Summary/Back of the book:
André Breton wrote Arcanum 17 during a trip to the Gaspé Peninsula in Quebec in the months after D-Day in 1944, when the Allied troops were liberating Occupied Europe. Using the huge Percé Rock - its impermanence, its slow-motion crumbling, its singular beauty - as his central metaphor, Breton considers love and loss, aggression and war, pacifism, feminism, and the occult, in a book that is part prose and part poetry, part reality and part dream. In the 17th card in the Major Arcana of the Tarot deck, a naked woman beneath a sky of stars pours water from two urns into water and onto land. This card represents hope, renewal and resurrection - the themes that permeate Arcanum 17. Considered radical at the time, Breton's ideas today seem almost prescient, yet still breathtaking in their passionate uunderlyingbelief in the indestructibility of life and the freedom of the human spirit.
My review:
I think this is a work that would benefit from several readings, if you are into the kind of book it is. I found it fairly difficult to get stuck into, there isn't exactly a plot to follow, just a lot of metaphors and philosophising in a sort of stream-of-consciousness way. When I read the introduction and found that André Breton started the practice of automatic writing I was not surprised in the least. I first tried to take it in in small doses, but that didn't really work as I didn't really remember where I had got to, and it's not the sort of thing that makes me want to rush to read the next bit. I finally resorted to settling down to read it all in one go, if I'm honest a bit to get it over with, but also because the stream of consciousness style doesn't lend itself well to finding a natural stopping point and I was worried that if I put it down again I'd never pick it up again.

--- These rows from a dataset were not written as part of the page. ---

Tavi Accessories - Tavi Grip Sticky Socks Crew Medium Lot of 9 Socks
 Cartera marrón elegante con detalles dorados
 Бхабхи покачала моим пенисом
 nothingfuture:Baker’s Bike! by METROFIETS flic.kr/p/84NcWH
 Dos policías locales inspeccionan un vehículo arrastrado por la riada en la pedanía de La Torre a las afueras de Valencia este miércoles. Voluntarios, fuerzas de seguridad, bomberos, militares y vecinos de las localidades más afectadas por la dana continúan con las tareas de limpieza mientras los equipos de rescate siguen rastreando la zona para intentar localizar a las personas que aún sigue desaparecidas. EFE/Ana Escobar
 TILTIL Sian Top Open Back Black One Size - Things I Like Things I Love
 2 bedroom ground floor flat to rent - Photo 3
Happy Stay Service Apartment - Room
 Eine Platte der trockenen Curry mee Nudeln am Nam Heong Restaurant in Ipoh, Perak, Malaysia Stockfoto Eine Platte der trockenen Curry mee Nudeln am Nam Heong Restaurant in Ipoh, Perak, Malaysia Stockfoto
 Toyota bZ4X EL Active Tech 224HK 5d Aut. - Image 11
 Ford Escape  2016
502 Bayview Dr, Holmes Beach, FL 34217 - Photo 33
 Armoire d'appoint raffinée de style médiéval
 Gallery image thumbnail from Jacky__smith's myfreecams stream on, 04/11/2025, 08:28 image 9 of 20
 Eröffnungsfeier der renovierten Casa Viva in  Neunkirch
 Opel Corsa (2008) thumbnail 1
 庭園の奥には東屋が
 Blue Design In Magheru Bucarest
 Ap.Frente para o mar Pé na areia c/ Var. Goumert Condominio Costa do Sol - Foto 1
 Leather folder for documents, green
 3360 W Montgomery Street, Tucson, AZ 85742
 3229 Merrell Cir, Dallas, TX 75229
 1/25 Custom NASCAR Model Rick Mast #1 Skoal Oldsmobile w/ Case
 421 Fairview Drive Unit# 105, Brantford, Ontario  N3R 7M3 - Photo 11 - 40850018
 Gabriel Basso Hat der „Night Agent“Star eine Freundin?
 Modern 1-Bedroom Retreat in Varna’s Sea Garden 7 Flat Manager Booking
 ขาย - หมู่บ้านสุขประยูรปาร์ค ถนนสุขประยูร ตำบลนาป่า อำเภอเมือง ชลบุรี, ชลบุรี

This probably sounds like I didn't like it, but as I mentioned at the beginning, I think it would benefit from several goes, because although it's quite a small book being only 148 pages in A6 size there is a lot of imagery around the pertinent thoughts and ideas and I don't think I took everything I could have out of it this time around. It was interesting to see that some of the thoughts Breton had about the future have come to pass.
Actually, I would have preferred a larger page size, more spread out, I find it an uncomfortable size to hold, and the typeface was a bit small and it seemed cramped, which exacerbated the problems of there being no natural stopping places, which rather led me to read very fast and possibly miss some of the detail, so if you feel like trying it another edition might be a good idea.
I'm afraid I have a rather unpoetical soul, so I perhaps didn't make all the connections I was meant to make with all the metaphors but I just about grasped that the crumbling big rock was about the impermanence of life. I liked the "Apertures" bit at the end the best, because it was written in a more (though not by any means entirely) straightforward manner and seemed to have some progression, where the main part seemed like you could chop one bit out and stick it in somewhere else and it'd be difficult to notice that it'd been moved. It almost made me feel as though I was under the influence of a mind altering substance, which was possibly the point. I certainly wouldn't be able to describe much of what goes on in it.
I think I'd try something else by André Breton, but not to the extent I'm going to rush out and buy all his works. If you like philosophising and poetical prose you will probably think it is great, I am more of a plot person but I can appreciate the experience of something that makes me think a bit differently and that makes me actually do some work while reading instead of just absorbing me into a story.